If you are considering a mortgage loan as a first-time or move-up homebuyer or to refinance an existing mortgage or pull out equity, it helps to get a basic understanding of the various types of mortgage loans available. There are many factors and considerations in selecting the best home loan that complements and supports your overall financial goals. Our guide below will highlights a few of the most common types of loans and general recommendations for that loan type.
Thirty-Year Fixed Rate Mortgage
Traditional 30-year fixed-rate mortgage loans have a constant interest rate and monthly principle and interest payments that never change. This may be a good choice if you plan to stay in your home for seven years or longer. If you plan to move within seven years, then adjustable-rate loans are usually cheaper. When interest rates are low, fixed-rate loans are generally not that much more expensive than adjustable-rate mortgages and may be a better deal in the long run, because you can lock in the rate for the life of your loan.
Fifteen-Year Fixed Rate Mortgage
This loan is fully amortized over a 15-year period and features constant monthly principle and interest payments.

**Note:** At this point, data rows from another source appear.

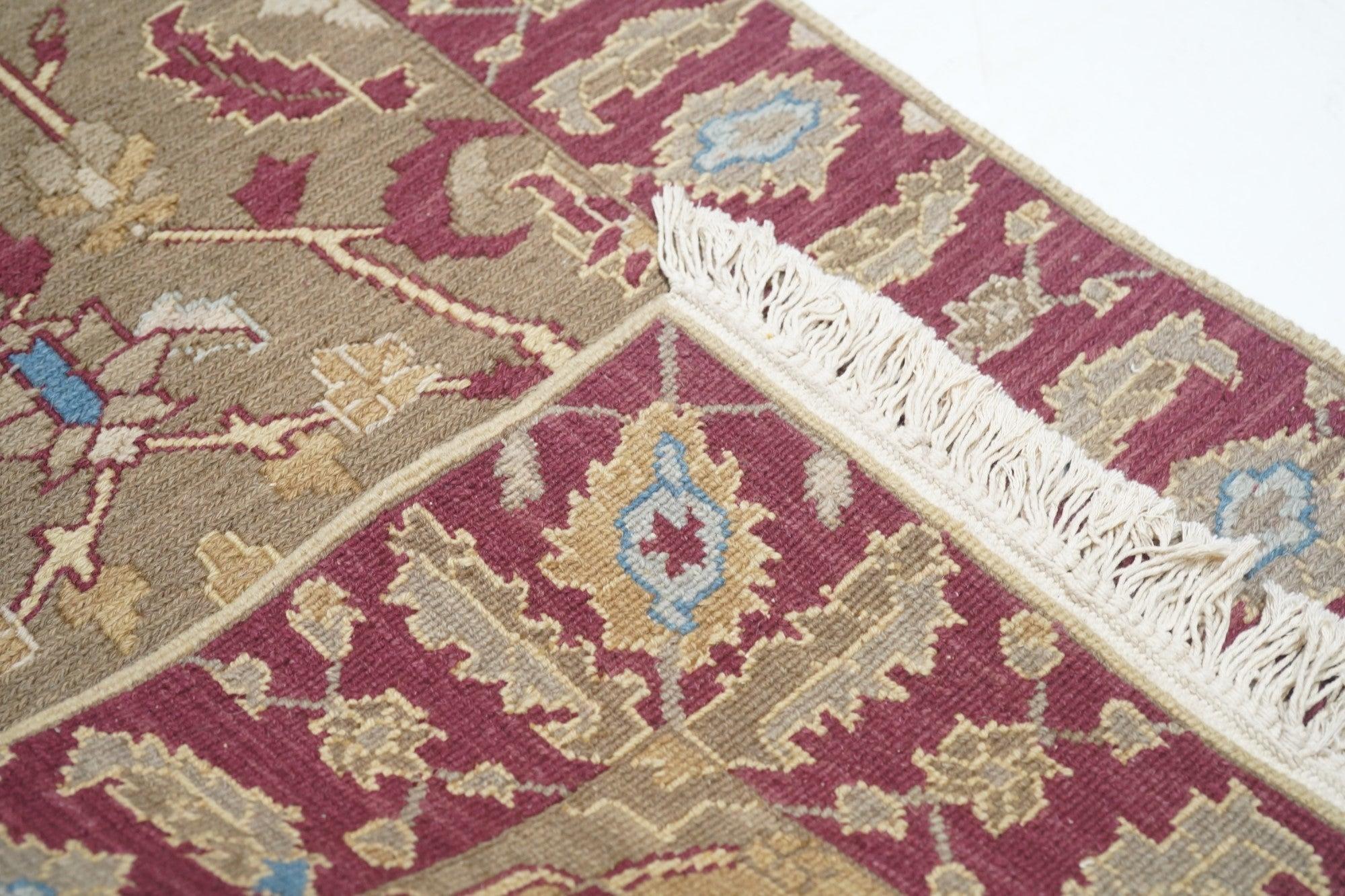 Sumak Runner 2'5'' x 8'0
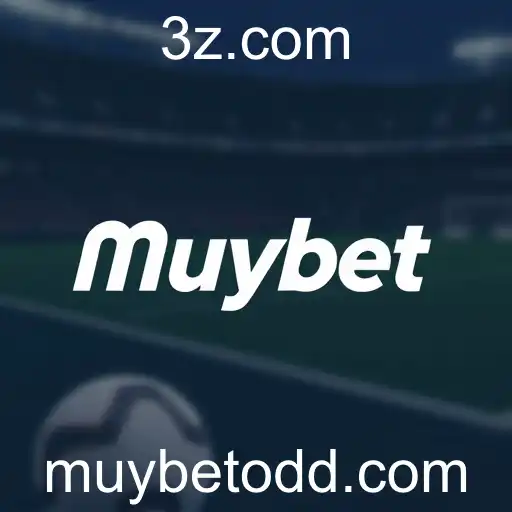 Muybet e a Transformação do Setor de Jogos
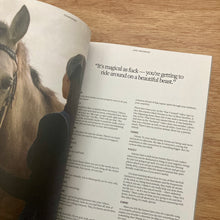 Calling All Horse Girls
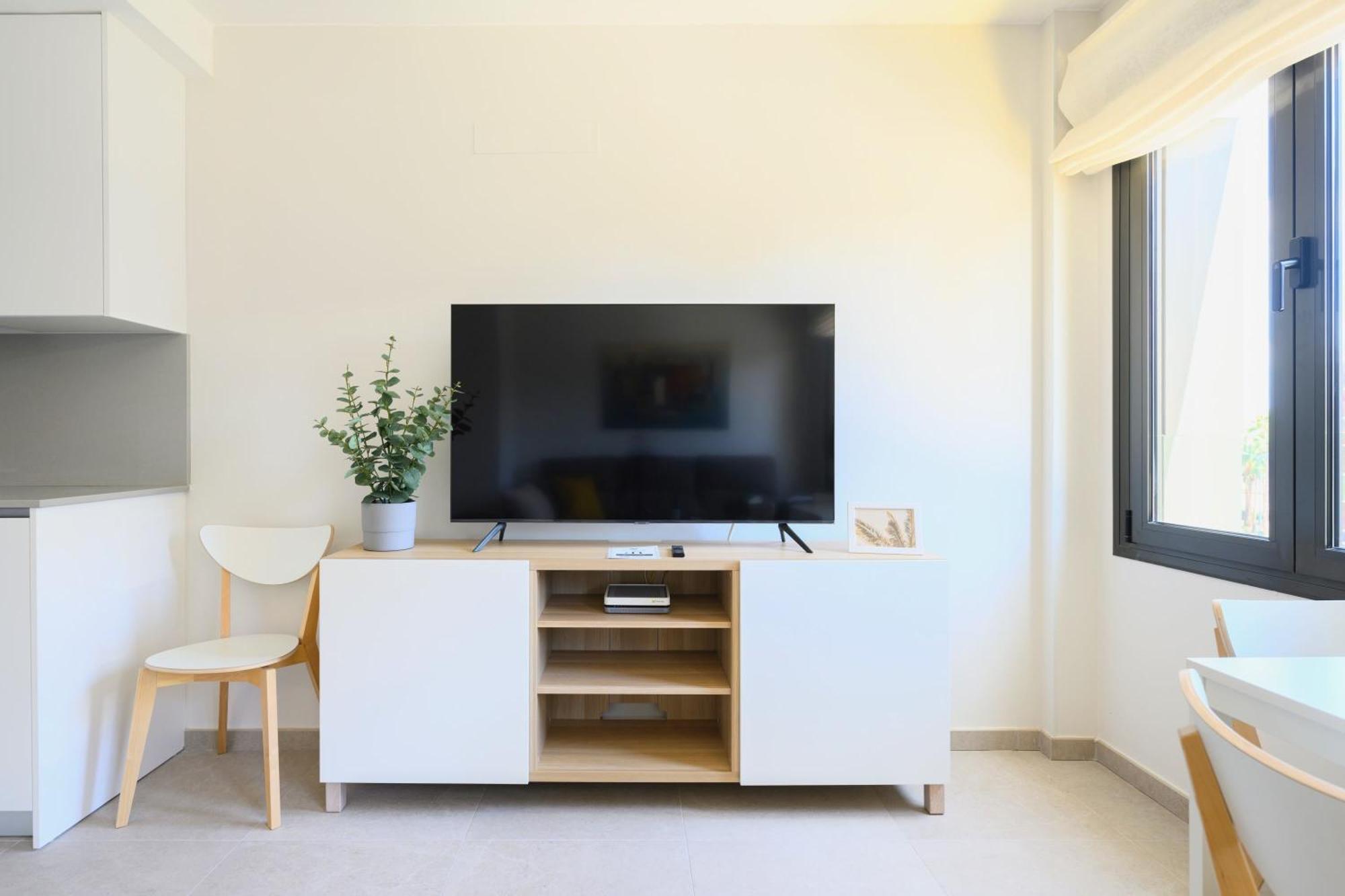 Brand New 2Br With Auto Check-In Apartment Las Palmas de Gran Canaria Exterior photo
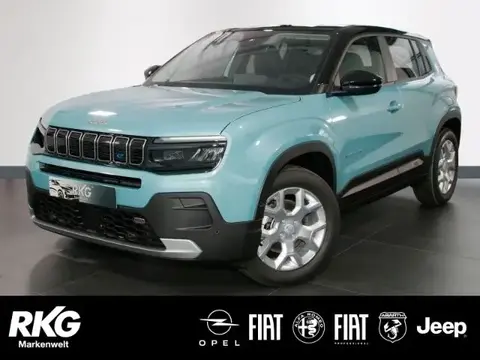 Annonce JEEP AVENGER Non renseigné 2024 d'occasion Allemagne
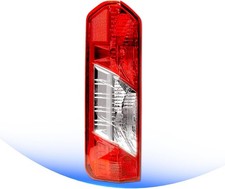 Tail Light Compatible with 2015-2025 Ford Transit 150 250 350 350HD w/Single ...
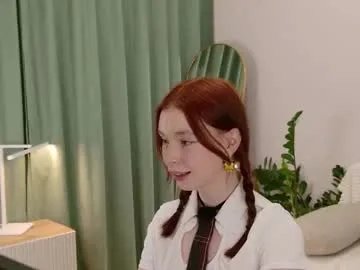 evelune on Chaturbate 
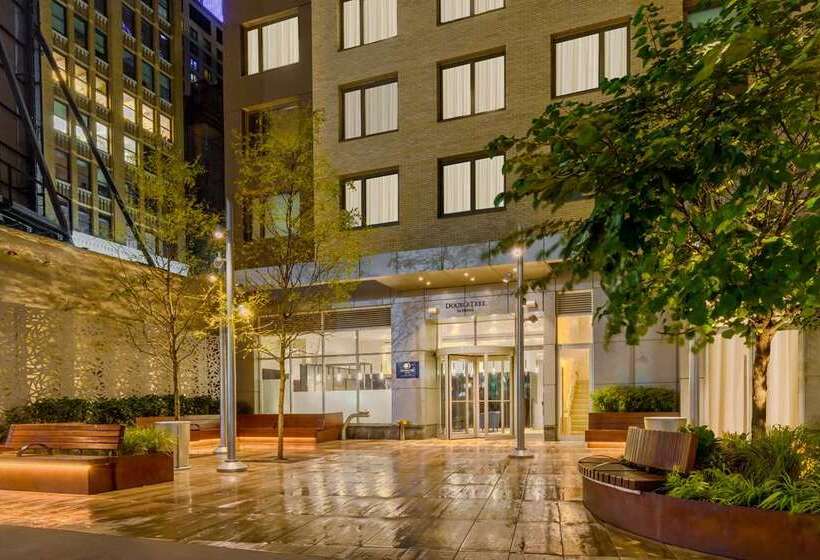 Fotos del hotel The Hub Hotel New York Times Square:  18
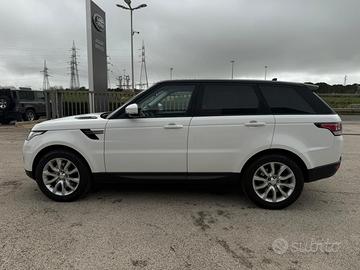 Range Rover Sport 3.0 (249 cv)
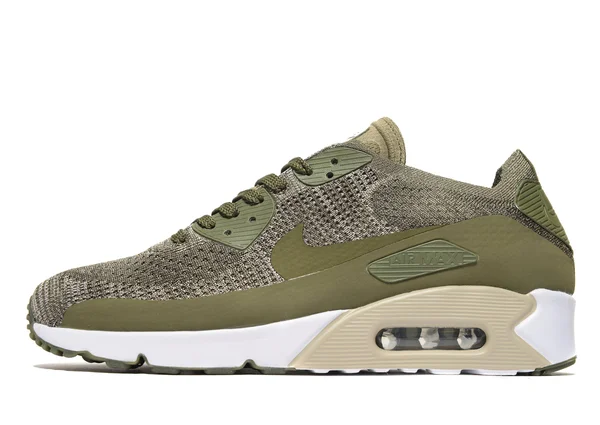 Nike Air Max 90 Ultra 2.0 Flyknit 45.5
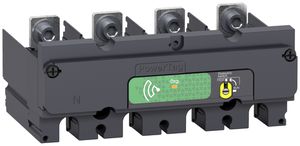 Energiesensor Schneider Electric Powertag NSX bis 250A 3P+N für NSX 100/160/250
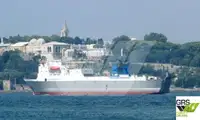 Ro-Ro ship zu verkaufen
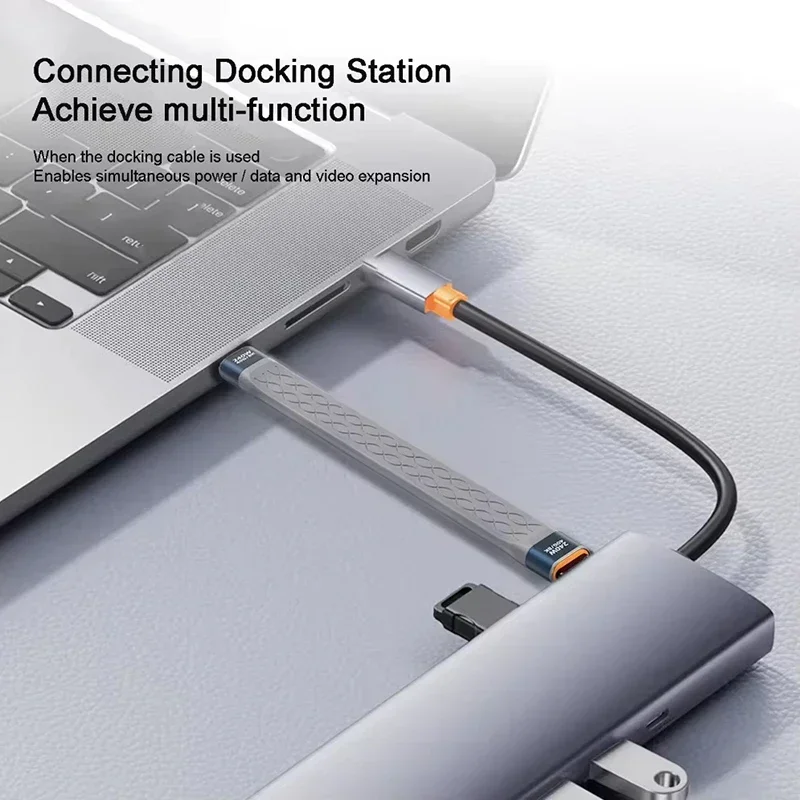 240W Fast Charging USB C to USB C Cable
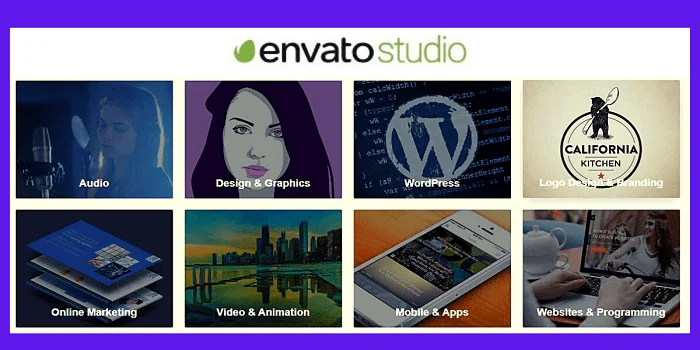 The Ultimate Envato Review Best for Digital Designers (2022) envato studio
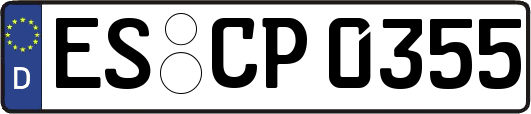 ES-CP0355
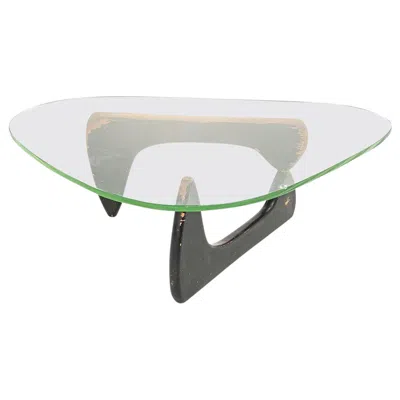 Pre-owned Herman Miller 1950s Original Isamu Noguchi In-50 Coffee Table For  In Birch In Brown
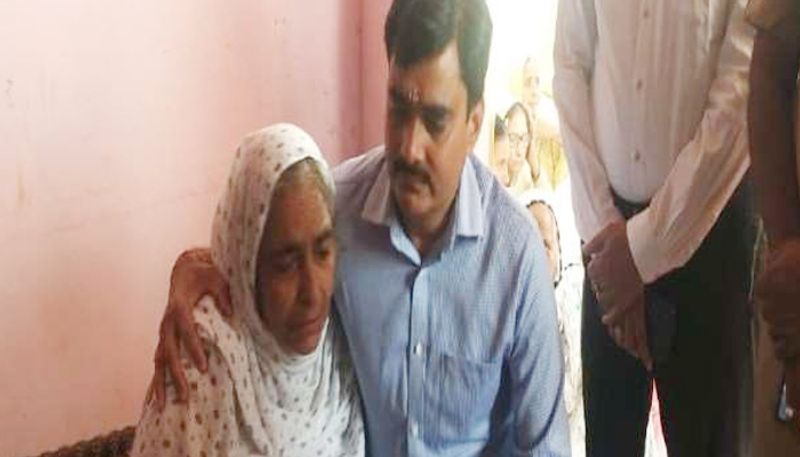 Uttar Pradesh, emotional story of wife of Saraj Singh who got martyred in Jammu Kashmir terrorist attack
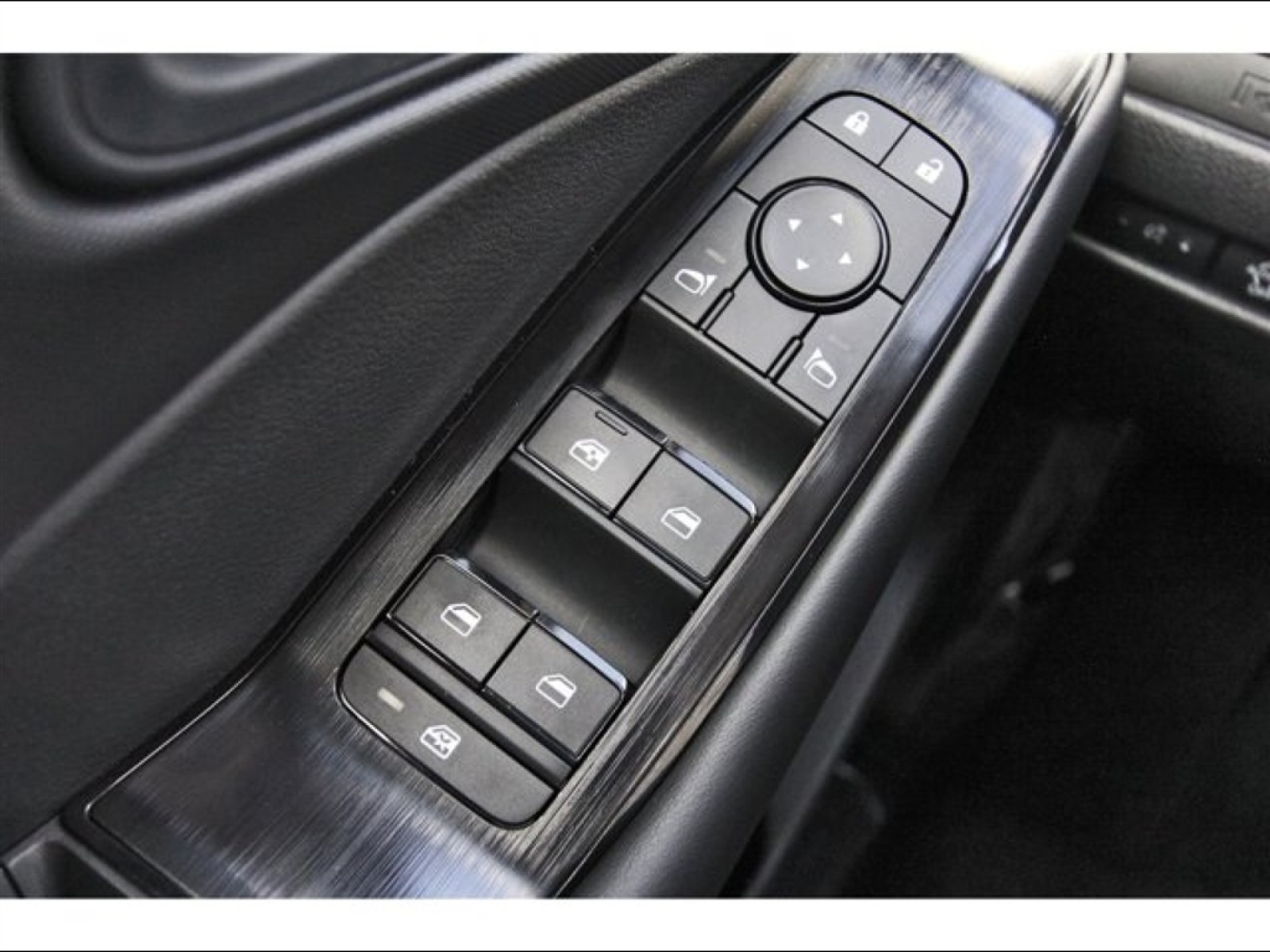 2026 Nissan Rogue S Black at Robbins Nissan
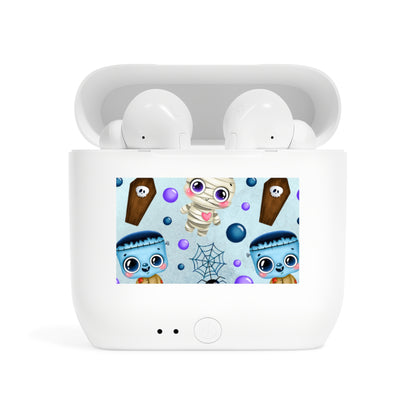Wireless Earbuds – Fright Friends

It offers all the advantages of the 30-year loan, plus a lower interest rate—and you’ll own your home twice as fast. The disadvantage is that, with a 15-year loan, you commit to a higher monthly payment. Many borrowers opt for a 30-year fixed-rate loan and voluntarily make larger payments that will pay off their loan in 15 years. This approach is often safer than committing to a higher monthly payment, since the difference in interest rates isn’t that great.
Hybrid ARM (3/1 ARM, 5/1 ARM, 7/1 ARM)
These increasingly popular ARMS—also called 3/1, 5/1 or 7/1—can offer the best of both worlds: lower interest rates (like ARMs) and a fixed payment for a longer period of time than most adjustable rate loans. For example, a “5/1 loan” has a fixed monthly principle and interest payment for the first five years and then turns into a traditional annual adjustable-rate loan, based on then-current rates for the remaining 25 years. It’s a good choice for people who expect to move (or refinance) before or shortly after the adjustment occurs.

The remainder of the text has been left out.